Analysis¶

In addition to supporting the actual harvesting, transformation, and publishing of metadata for aggregation purposes, Combine strives to also support the analysis of groups of Records. Analysis may include looking at the use of metadata fields across Records, or viewing the results of Validation tests performed across Records.

This section will describe some areas of Combine related to analysis. This includes Analysis Jobs proper, a particular kind of Job in Combine, and analysis more broadly when looking at the results of Jobs and their Records.

Analysis Jobs¶

Analysis Jobs are a bit of an island. On the back-end, they are essentially Duplicate / Merge Jobs, and have the same input and configuration requirements. They can pull input Jobs from across Organizations and Records Groups.

Analysis Jobs differ in that they do not exist within a Record Group. They are imagined to be ephemeral, disposable Jobs used entirely for analysis purposes.

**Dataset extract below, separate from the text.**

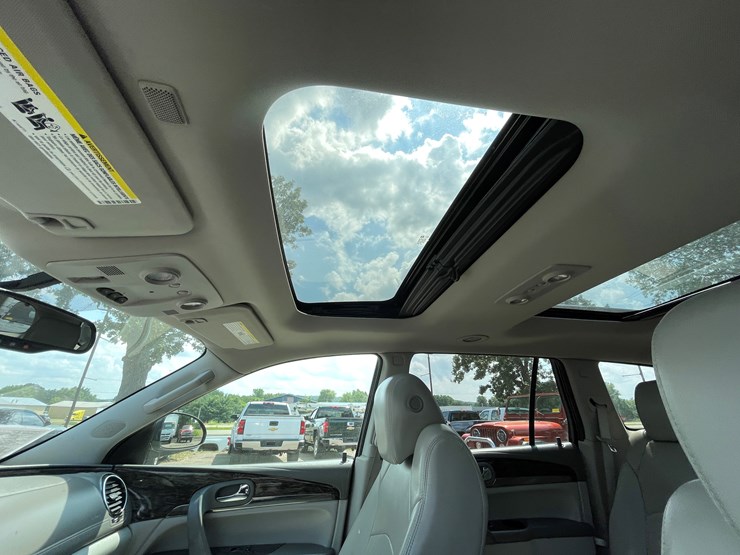 2013-buick-enclave-image-57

You can see previously run, or start a new Analysis Job, from the “Analysis” link from the top-most navigation.

Below, is an example of an Analysis Job comparing two Jobs, from different Record Groups. This ability to pull Jobs from different Record Groups is shared with Merge Jobs. You can see only one Job in the table, but the entire lineage of what Jobs contribute to this Analysis Job. When the Analysis Job is deleted, none of the other Jobs will be touched (and currently, they are not aware of the Analysis Job in their own lineage).

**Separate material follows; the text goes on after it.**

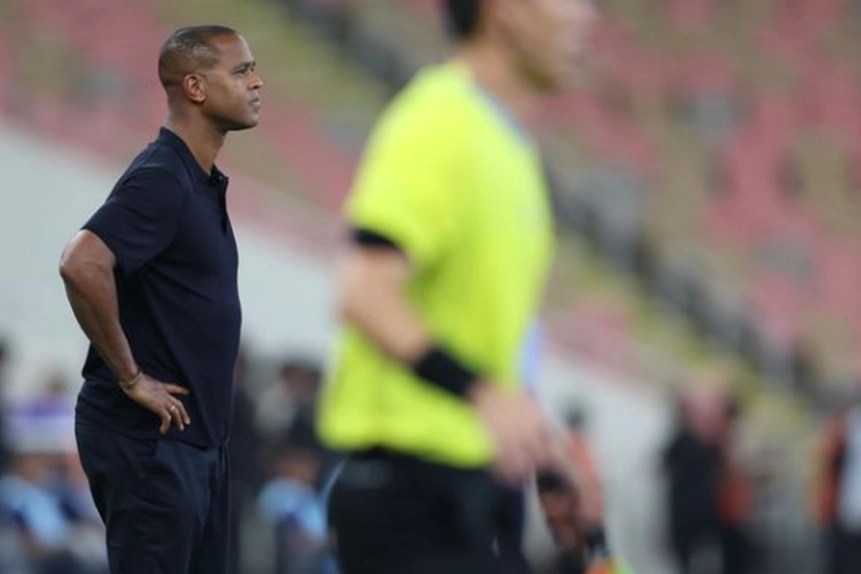 مدرب هولندي يودّع جاكرتا بعد تسعة أشهر من “الخيبة المونديالية”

Analysis Job showing analysis of two Jobs, across two different Record Groups

Analyzing Indexed Fields¶

Undoubtedly one of Combine’s more interesting, confusing, and potentially powerful areas is the indexing of Record XML into ElasticSearch. This section will outline how that happens, and some possible insights that can be gleamed from the results.

How and Why?¶

All Records in Combine store their raw metadata as XML in a Mongo database. With that raw metadata, are some other fields about validity, internal identifiers, etc., as they relate to the Record. But, because the metadata is still an opaque XML “blob” at this point, it does not allow for inspection or analysis. To this end, when all Jobs are run, all Records are also indexed in ElasticSearch.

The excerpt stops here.